The framing as a boundary object felt novel and valuable to me. Caro articulated how the Service Standard is both blurry and robust simultaneously. For example, it tells us to work agilely – but does not suggest or even prescribe a team to use Scrum as a framework. The standard means different things to different people. It leaves room for interpretation and situational adaption and serves numerous functions simultaneously. So, it can be a cornerstone and boundary object of multiple spheres of work and for various groups of people.

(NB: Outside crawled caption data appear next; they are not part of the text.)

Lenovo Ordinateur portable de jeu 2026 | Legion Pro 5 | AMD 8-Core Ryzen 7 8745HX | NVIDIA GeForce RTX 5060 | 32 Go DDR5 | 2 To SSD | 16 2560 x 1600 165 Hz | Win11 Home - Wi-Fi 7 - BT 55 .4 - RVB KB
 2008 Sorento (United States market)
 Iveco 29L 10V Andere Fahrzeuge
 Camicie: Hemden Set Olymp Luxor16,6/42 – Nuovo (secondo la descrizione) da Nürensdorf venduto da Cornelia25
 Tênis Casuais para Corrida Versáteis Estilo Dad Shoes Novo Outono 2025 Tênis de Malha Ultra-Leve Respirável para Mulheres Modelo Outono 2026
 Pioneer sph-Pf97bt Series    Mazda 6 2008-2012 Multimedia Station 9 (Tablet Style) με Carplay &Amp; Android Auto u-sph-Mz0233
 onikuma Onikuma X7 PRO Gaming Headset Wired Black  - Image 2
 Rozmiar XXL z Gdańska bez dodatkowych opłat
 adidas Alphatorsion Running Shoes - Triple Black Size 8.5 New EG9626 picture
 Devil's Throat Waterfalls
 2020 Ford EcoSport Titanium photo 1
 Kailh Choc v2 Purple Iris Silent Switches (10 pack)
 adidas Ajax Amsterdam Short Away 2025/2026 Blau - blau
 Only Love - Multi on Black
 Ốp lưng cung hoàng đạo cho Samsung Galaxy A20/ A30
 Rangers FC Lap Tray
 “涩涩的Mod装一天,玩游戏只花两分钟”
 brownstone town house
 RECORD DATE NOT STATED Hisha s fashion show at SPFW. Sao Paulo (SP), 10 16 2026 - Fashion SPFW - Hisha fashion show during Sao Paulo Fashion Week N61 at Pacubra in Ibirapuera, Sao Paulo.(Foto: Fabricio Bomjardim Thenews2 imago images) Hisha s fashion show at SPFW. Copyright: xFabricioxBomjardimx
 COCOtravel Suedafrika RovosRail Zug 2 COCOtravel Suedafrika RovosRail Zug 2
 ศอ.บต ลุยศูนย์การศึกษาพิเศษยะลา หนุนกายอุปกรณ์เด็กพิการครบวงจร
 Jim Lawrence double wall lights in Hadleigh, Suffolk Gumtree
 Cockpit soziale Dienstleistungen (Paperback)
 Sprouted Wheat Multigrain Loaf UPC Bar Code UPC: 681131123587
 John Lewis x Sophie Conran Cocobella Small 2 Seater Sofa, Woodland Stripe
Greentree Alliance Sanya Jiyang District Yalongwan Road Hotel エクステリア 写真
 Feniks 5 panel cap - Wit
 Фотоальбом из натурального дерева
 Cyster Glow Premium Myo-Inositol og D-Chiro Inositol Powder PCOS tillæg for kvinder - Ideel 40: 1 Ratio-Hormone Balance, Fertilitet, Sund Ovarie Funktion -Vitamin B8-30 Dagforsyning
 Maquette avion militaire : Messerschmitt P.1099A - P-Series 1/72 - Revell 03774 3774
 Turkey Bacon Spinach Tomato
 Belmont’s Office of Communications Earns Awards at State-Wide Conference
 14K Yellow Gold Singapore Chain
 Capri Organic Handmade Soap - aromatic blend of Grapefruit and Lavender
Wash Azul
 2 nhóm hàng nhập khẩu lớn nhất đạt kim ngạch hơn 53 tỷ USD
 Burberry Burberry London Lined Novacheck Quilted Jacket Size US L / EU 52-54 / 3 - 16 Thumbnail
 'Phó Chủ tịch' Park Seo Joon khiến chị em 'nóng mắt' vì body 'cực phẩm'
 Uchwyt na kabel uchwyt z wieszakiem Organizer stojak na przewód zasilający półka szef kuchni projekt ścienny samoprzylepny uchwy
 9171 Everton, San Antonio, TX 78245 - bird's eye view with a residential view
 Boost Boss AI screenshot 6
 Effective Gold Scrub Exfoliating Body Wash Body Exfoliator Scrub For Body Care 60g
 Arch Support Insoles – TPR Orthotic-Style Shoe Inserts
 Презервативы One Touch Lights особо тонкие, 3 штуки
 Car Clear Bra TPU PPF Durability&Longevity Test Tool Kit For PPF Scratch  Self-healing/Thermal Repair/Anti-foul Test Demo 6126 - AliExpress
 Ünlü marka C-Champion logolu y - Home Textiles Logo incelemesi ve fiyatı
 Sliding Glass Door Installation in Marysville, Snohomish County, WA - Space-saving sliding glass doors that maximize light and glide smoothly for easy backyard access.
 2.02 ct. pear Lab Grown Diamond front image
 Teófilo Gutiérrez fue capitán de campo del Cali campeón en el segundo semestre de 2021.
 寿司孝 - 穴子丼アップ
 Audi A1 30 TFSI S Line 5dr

The day before, I helped finish the peer review report for one of the teams. It was the first-ever peer review against the German Service Standard and my first experience facilitating a review or assessment process. Ultimately, it was more editing work than I had anticipated, spending almost a day wrapping up summaries from the 4 peer reviewers. When assessing services against the UK Service Standard as a design assessor, I only had to write my section, and the assessment managers put together the reports. I can now recognise their work for what it must entail.
We shared the report with the service team and asked them to provide feedback. With more maturity, we plan to run the following peer review for the team with an external panel consisting of design, engineering, product and transformation colleagues from other digital units in the German public sector.
For the intermediate report, I had to create new status labels – as ‘met’, ‘partially met’, and ‘not met’ were not sufficient. Our Australian colleagues from the DTA have been using an ‘on track’ status label, which I think works well for alpha and private beta assessments and peer reviews. The problem is that no obvious and suitable German translation fits our context. Or, at least, I have not found it.
Reviewing objectives, discussing organisational setup, and doing retros
The rest of the week was packed with workshops, particularly Thursday.
On Thursday, we looked at cross-discipline objectives and related key results (OKRs) for the coming trimester – or the last 3-month period of the year. After some role changes, it’s the first time we – all 4 heads of delivery disciplines – are doing it together. We have the support of a facilitating senior transformation manager who keeps us on track in the process. He reminded us of the sound principles of well-written OKRs. We started, but developing well-crafted objectives will take a couple more sessions. We have another 4 weeks to finish them.
We spent another part of the day discussing our matrix organisation setup. But we are very much a mixed organisation. Some parts are indeed matrix-style organised, with individuals having a separate people manager and a work manager. The latter is in the team or programme of work. The former is most likely not. That is the case for the delivery part of the organisation, where most designers, product managers, software engineers, transformation managers and user researchers work. When looking at the overall org chart and how the core teams – that includes comms, finance, legal, and people – are structured, things are hierarchical with a couple of levels. So, we started to realise the reality at first and entangle the implications.
The third workshop of the day was our heads of delivery retrospective. To my knowledge, it was the first we had run so far. As we increasingly work together and spend time together, reviewing how we do things, communicate and collaborate with each other is crucial. There is general appreciation and respect for each others’ experience and experience. There are shared values and a relatively common view of the world. We derived some action points, action owners and a plan of running a couple more retros before the year ends.
Beyond my office work, Katrin, Simone and I have been putting some hours into shaping our next Public Service Lab Day in Cologne in mid-November. We already have a good number of signups from a range of government and public sector organisations. We are well-supported by the City of Cologne’s innovation lab. Some content for input talks and workshops is still missing. But we’ll get that settled in the coming weeks.
What’s next
We will spend more time with OKRs next week.
I will spend quite a bit of time with almost all teams as we run various monthly leadership check-ins.
And, on Friday, I will welcome the new Work4Germany fellowship cohort in their first Fellows Friday session.